La mujer regresó a la casa acongojada, totalmente afligida, luego de los discursos fúnebres de amigos, y que toleró abatida, durante el funeral de su esposo.
Una noche, después de un largo duelo y recompuesta anímicamente, curada de su aflicción, empezó una extraña obsesión nocturna y se dio cuenta que había llegado la hora de que otro hombre entrara a su reino.
A través de los años, y de manera espaciada, tuvo varios amantes que la abandonaban misteriosamente.
Con el último, luego de dos amantes efímeros, intentó casarse, pero el día de la boda no se presentó para honrar el compromiso nupcial.
Una noche de entrega total, abiertos al amor, atrapados en su vínculo singular; y ella excitada, clavando las uñas en la espalda del amante, gritando con desaforo, ay, ay, ay, entró a la habitación una ráfaga de viento.
El fenómeno era inexplicable, porque las ventanas estaban cerradas.
—¿Qué ocurre, amor? —preguntó el hombre junto a ella.
No lo creía.
—¿Eres tú, Francisco?
No estaban solos.
El esposo difunto, o una presencia fantasmal de él, intimidó al amante y le ordenó:
—¡Levántate! ¡Ven conmigo!
No hubo resistencia. La mujer lo vio y no pudo impedirlo. Los dos hombres, caminando despacio y en silencio, desaparecieron a través de los laberintos de una dimensión desconocida; y, ella, todavía atónita, entendió todo. Descubrió el misterio de otras desapariciones.

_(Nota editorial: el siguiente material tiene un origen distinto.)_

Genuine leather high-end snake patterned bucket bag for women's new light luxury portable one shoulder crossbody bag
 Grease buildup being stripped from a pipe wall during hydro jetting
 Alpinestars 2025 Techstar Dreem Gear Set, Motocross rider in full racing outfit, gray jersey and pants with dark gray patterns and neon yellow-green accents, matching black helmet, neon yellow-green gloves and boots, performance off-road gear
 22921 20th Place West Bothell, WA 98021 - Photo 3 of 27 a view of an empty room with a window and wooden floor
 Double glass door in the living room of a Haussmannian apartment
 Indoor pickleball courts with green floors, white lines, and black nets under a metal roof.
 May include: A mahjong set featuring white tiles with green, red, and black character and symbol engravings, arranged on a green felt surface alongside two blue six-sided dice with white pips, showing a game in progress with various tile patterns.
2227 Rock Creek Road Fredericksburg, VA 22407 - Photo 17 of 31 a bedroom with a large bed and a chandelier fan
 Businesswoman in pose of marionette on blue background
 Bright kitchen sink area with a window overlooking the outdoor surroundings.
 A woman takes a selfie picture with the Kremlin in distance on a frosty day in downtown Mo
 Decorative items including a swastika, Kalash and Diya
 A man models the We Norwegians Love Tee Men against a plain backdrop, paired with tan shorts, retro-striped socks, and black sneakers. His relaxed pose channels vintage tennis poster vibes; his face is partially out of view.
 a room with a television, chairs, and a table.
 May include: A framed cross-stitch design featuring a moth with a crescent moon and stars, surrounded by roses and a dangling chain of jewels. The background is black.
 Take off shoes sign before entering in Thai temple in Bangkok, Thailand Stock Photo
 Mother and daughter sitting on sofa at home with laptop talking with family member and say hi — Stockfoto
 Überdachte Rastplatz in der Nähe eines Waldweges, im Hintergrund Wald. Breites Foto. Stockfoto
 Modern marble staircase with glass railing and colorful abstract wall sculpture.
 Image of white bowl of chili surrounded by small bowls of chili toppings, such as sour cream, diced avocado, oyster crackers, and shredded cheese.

El fantasma era incontenible; y, con cada nuevo amante, volvía a sus andanzas y macabros secuestros de medianoche.
Era absurdo. No perdería otra batalla de amor; y por eso el amante que tiene ahora jamás podrá dormir en su cama. Era por el bien de los dos. Así que antes de la medianoche lo despide en la puerta de la casa con un beso demorado. No quiere exponerlo a una azarosa desaparición.
En la última visita ella pensó en un plan que no podía fallar. Estaba despierta y sola. Esperó que la aparición se acercara a la cama; y formó una cruz con el índice de cada mano; y, luego de un conjuro en voz baja, gritó:
—¡Atrás! ¡Vuelve a tu mundo y no regreses nunca!
La noche siguiente le dijo al amante que ya podía quedarse en su cama toda la vida; y le contó la lúgubre historia, despacio, entre besos y caricias.
—Te debo la vida —dijo el hombre.
—La vida y muchos besos —agregó ella.